Que se passera-t-il dans les pays concernés? D'autres suivront-ils la vague?

«Personne n'avait anticipé le début de ces protestations et il est tout autant impossible de prédire comment et quand elles cesseront, dit M. Naim. Mais ce qui est clair, c'est que le climat politique des pays touchés a radicalement changé. Et que d'autres pays vont suivre - ça, j'en suis convaincu.»

Des étincelles qui déclenchent des incendies

Au Brésil, une hausse des tarifs d'autobus dans la ville de Porto Alegre a conduit aux plus grosses manifestations que le pays a connues en 20 ans. En Turquie, c'est le projet de raser un parc pour ériger un centre commercial qui a mis le feu aux poudres. En Bulgarie, la nomination d'un homme d'affaires controversé à un poste politique a déclenché la colère des citoyens... qui ne s'est jamais atténuée, même après l'annulation de la nomination.

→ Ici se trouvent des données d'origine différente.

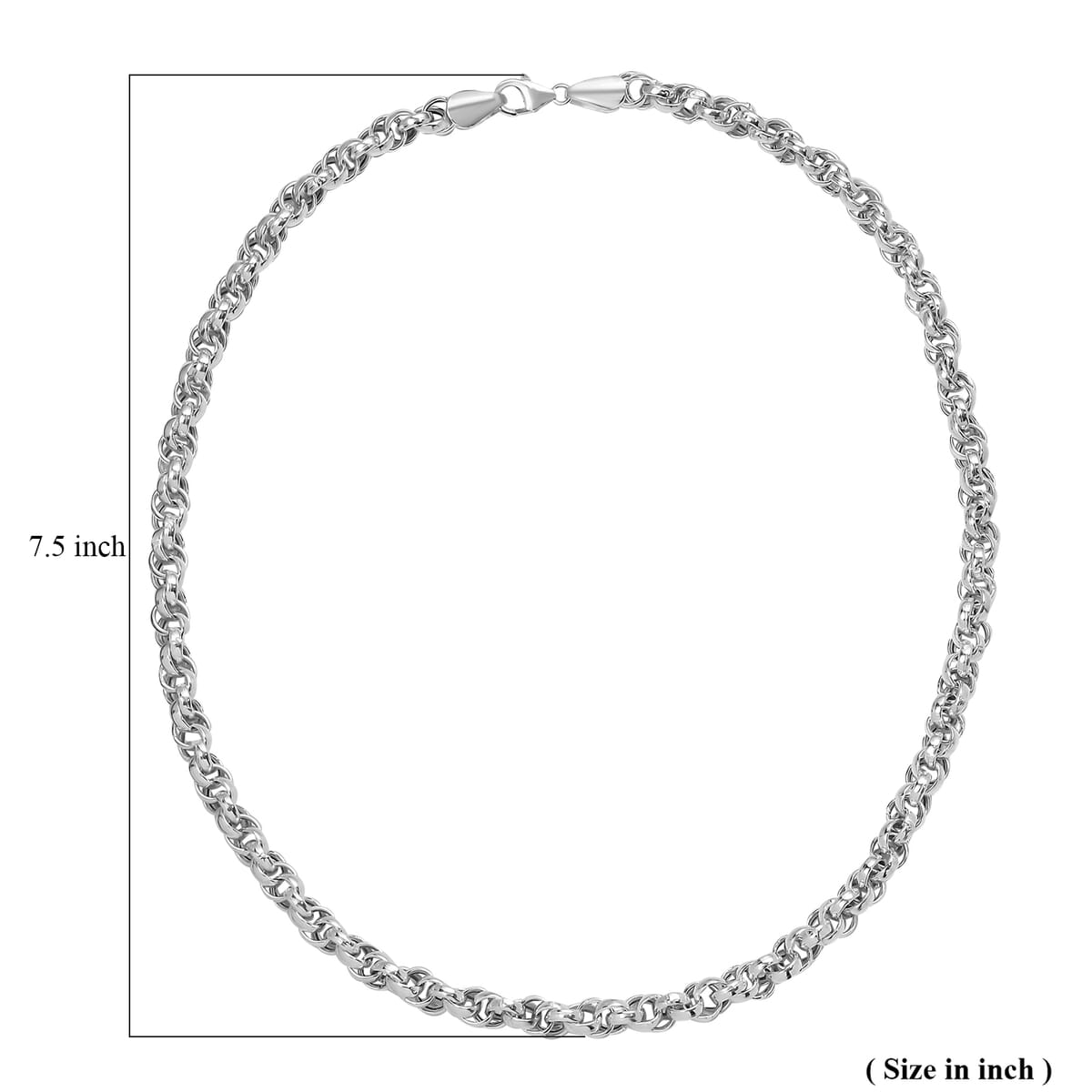 D’Joy Fancy Oval Link Infinity Twist  Chain Necklace in Sterling Silver 27.5 Grams 20 Inches image number 6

«Tous ces évènements ont commencé petits, puis sont devenus très gros, très rapidement, note Moises Naim. Dans chaque pays, les problématiques sont hyper locales, mais il y a un effet de contagion. Les manifestants gagnent en énergie en voyant ce qui se passe ailleurs dans le monde.»

Les Québécois connaissent le phénomène. Qui avait prédit que la hausse des droits de scolarité par le gouvernement Charest provoquerait l'an dernier les plus importants soulèvements depuis la Révolution tranquille?